Salah satu dari problem besar dalam studi hadis adalah otentisitas materi hadis itu sendiri, hal itu dikarenakan oleh banyaknya materi hadis yang diriwayatkan dengan lapal-lapal yang berbeda sehingga dengan perbedaan itu bisa menimbulkan penambahan makna. Bisa saja hal itu terjadi dikarenakan oleh banyaknya perawi yang melakukan riwayat bilma’na atau memang Rasul sendiri yang mengungkapkan dengan lapal yang berbeda itu pada waktu yang tidak bersamaan. Disini pertanyaan yang muncul adalah manakah yang benar benar datang dari Rasul?, jika ternyata semuanya terbukti datang dari Rasulullah Saw maka perlu dilakukan studi tematik terhadap riwayat-riwayat itu sebelum menarik kesimpulan hukum, tetapi kalau otentisitasnya hanya terbukti pada sebagian saja maka hanya itulah yang dipakai sedangkan yang lainnya tidak bisa dijadikan hujjah. Dalam kaitannya dengan otentisitas hadis yang paling berperan adalah ilmu al jarh wa al ta’dil atau apa yang sering disebut dengan metodologi kritik hadis yang meliputi dua hal, yaitu kritik sanad dan kritik matan, maka menguasai ilmu tersebut adalah sebuah keharusan bagi siapa saja yang berminat menjadi peneliti dalam bidang hadis.


2. Mengenali tabi’at tashorruf (tingkah laku) Rasulullah SAW.
Sikap dan tindakan yang muncul dari Rasul secara umum baik perkataan maupun perbuatan, tidaklah berstatus sama karena fungsi dan kedudukan beliau yang memang bukan satu, melainkan banyak. Antara lain beliau sebagai Rasul, mufti, hakim, pemimpin masyarakat, atau sebagai manusia biasa. Kalau kita ingin memahami sebuah hadis maka harus membedakan apakah hadis itu muncul disaat beliau memposisikan dirinya sebagai Rasul, sehingga ia berdimensi universal yang berlaku bagi seluruh umat Islam pada semua waktu dan tempat atau bukan, sebab status sikap dan tindakan Muhammad saw akan berbeda-beda nilai syari’atnya seiring dengan perbedaan fungsi dan posisi beliau.

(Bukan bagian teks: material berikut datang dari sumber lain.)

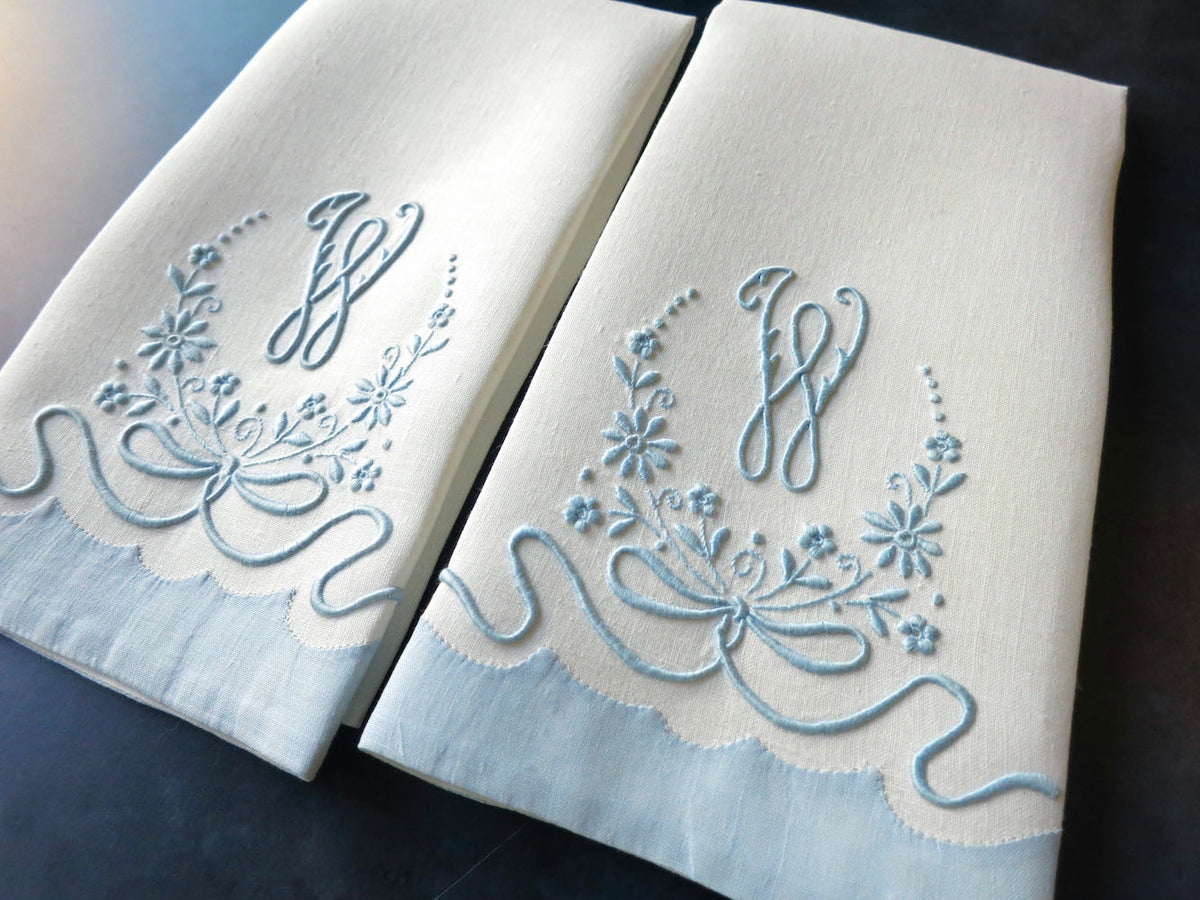 &quot;W&quot; Monogram Vintage Madeira Linen Guest Towels - Set of 2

Sebagai contoh, kebijaksanaan Rasul dalam membagi tanah rampasan perang adalah kebijakan beliau sebagai seorang peminpin, bukan sebagai Rasul. Oleh sebab itu Umar bin khottab ketika menaklukan Iraq tidak mau membagikan tanah Iraq kepada para sahabat yang ikut berperang karena kemashlahatan yang dulu ada sudah terkalahkan, meskipun Rasul pernah membagi bagikannya 6.

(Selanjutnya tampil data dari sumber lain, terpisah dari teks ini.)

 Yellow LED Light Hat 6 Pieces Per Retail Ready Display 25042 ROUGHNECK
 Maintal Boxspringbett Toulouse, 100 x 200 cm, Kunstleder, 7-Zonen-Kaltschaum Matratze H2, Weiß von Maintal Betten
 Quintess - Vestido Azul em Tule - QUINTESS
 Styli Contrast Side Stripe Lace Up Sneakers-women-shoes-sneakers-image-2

3. Mempelajari situasi dan kondisi datangnya hadis.
Mengetahui situasi dan kondisi munculnya sebuah hadis akan sangat membantu kita dalam memahami hadis tersebut karna dengannya kita akan bisa memahami maksud hadis yang sebenarnya apakah ia berlaku umum atau untuk situasi dan kondisi tertentu saja. ketika Rasul membolehkan Abdurrahman bin auf untuk memakai kain sutra maka hukumnya tidaklah berlaku umum karna kebolehannya disebabkan oleh situasi tertentu (7)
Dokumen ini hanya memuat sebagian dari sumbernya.